A 55-year-old man has received a 12-month sentence for stealing £30,000 from his dad, who had Alzheimer's disease, in order to fund his gambling addiction.
According to the Belfast Telegraph, Martin O'Brien, from Rossnagalliagh Park in Derry, will serve half of his 12-month sentence in custody before being released on licence.
O'Brien had kept his addiction a secret from his siblings and persuaded them to give him the sole rights to deal with his father's financial affairs, the court heard.
He admitted in court that he had began stealing money from his father's accounts in July 2010 and had continued for three years.
O'Brien had taken around £10,000 from his father's Derry Credit Union account, £13,000 from his Pennyburn Credit Union account and £6,000 from his post office account.
The father had been suffering from Alzheimer's and was admitted to Altnagelvin Hospital in 2013, where he died on April 26 of that year.
Two days before his father's death he told his sister he was stealing money from his father, according to the Belfast Telegraph.

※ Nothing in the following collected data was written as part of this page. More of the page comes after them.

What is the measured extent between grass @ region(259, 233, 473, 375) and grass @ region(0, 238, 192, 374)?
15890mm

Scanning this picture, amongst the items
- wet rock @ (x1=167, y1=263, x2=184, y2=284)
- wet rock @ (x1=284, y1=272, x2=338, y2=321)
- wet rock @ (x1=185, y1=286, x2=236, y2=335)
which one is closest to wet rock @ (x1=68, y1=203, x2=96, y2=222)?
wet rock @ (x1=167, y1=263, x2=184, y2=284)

The report told that Judge Philip Babington said O'Brien was able to take his father's money by getting "invoices from the nursing home and on the strength of that he would get a cheque from Pennyburn Credit Union. The invoice was then receipted and the defendant then took that to the Derry Credit Union which paid him the equivalent of the invoice in cash which he retained for his own use".
The Judge added that this was "a serious breach of trust case in which the defendant's siblings gave him full authority to deal with their father's financial affairs and he quite clearly took advantage of his father's inability to look after them himself".
In a separate report, O'Brien's sister, Flo Morgan, told the Derry Journal that O'Brien did not leave any money in her father's account for the funeral, adding: "What he did was disgraceful. It is heartbreaking. We lost a father and a brother at the same time and he has shown no remorse."